_TASK BRIEF_
Look below for the line holding "Ruby Rd. Flower" and the line holding "New Nugent 14ft Livestock trailer". Transcribe exactly those lines and all lines between them, nothing more.

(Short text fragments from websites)
· · · · ·
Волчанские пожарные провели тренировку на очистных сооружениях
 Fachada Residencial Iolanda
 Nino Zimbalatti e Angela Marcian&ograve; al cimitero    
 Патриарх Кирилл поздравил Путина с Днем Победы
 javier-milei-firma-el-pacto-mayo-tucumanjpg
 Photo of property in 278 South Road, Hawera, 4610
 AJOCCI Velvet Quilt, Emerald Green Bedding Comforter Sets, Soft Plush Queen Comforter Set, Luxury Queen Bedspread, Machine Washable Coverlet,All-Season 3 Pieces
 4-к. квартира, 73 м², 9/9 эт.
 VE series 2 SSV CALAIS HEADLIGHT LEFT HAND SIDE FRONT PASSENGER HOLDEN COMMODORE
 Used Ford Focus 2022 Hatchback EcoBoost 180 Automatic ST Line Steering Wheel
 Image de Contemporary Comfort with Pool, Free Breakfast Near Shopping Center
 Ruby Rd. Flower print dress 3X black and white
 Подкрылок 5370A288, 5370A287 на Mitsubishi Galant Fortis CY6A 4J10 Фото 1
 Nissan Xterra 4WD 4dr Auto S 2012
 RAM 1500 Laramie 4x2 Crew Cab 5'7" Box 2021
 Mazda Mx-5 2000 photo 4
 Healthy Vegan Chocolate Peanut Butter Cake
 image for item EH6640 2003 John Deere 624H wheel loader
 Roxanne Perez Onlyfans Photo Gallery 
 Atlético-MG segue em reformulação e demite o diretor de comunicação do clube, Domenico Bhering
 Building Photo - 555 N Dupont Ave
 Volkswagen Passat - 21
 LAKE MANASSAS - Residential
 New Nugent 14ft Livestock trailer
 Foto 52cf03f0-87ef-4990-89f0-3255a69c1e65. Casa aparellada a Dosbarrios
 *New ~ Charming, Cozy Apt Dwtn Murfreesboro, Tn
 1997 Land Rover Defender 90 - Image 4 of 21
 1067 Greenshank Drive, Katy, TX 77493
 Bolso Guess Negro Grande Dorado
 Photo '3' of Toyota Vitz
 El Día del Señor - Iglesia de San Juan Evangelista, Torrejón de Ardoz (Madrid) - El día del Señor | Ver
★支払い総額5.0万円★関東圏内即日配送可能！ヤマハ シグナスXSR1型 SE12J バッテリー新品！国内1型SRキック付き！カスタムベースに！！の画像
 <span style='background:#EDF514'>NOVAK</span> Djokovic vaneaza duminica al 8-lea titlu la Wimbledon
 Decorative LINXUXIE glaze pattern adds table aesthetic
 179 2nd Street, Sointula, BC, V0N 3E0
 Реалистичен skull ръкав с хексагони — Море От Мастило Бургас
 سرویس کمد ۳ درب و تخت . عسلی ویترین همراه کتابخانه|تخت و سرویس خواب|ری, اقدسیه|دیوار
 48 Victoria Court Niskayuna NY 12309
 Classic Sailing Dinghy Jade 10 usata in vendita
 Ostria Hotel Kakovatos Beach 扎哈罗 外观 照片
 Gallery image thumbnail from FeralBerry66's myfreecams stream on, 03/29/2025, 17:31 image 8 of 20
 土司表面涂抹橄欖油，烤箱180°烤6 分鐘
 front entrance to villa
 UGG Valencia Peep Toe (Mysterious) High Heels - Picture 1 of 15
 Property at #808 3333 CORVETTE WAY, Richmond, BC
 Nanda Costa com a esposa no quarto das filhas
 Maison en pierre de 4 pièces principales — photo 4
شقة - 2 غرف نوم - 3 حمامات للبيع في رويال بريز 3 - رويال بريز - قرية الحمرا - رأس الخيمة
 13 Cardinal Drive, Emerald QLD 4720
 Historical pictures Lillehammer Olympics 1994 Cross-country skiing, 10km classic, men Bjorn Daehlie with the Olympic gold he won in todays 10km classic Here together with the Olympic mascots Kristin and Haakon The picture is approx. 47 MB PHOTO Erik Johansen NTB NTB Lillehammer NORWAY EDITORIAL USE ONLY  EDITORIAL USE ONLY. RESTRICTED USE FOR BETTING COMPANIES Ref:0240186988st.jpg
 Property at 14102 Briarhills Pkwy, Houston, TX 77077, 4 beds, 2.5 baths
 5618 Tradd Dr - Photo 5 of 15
· · · · ·
_TASK RESULT_
 Ruby Rd. Flower print dress 3X black and white
 Подкрылок 5370A288, 5370A287 на Mitsubishi Galant Fortis CY6A 4J10 Фото 1
 Nissan Xterra 4WD 4dr Auto S 2012
 RAM 1500 Laramie 4x2 Crew Cab 5'7" Box 2021
 Mazda Mx-5 2000 photo 4
 Healthy Vegan Chocolate Peanut Butter Cake
 image for item EH6640 2003 John Deere 624H wheel loader
 Roxanne Perez Onlyfans Photo Gallery 
 Atlético-MG segue em reformulação e demite o diretor de comunicação do clube, Domenico Bhering
 Building Photo - 555 N Dupont Ave
 Volkswagen Passat - 21
 LAKE MANASSAS - Residential
 New Nugent 14ft Livestock trailer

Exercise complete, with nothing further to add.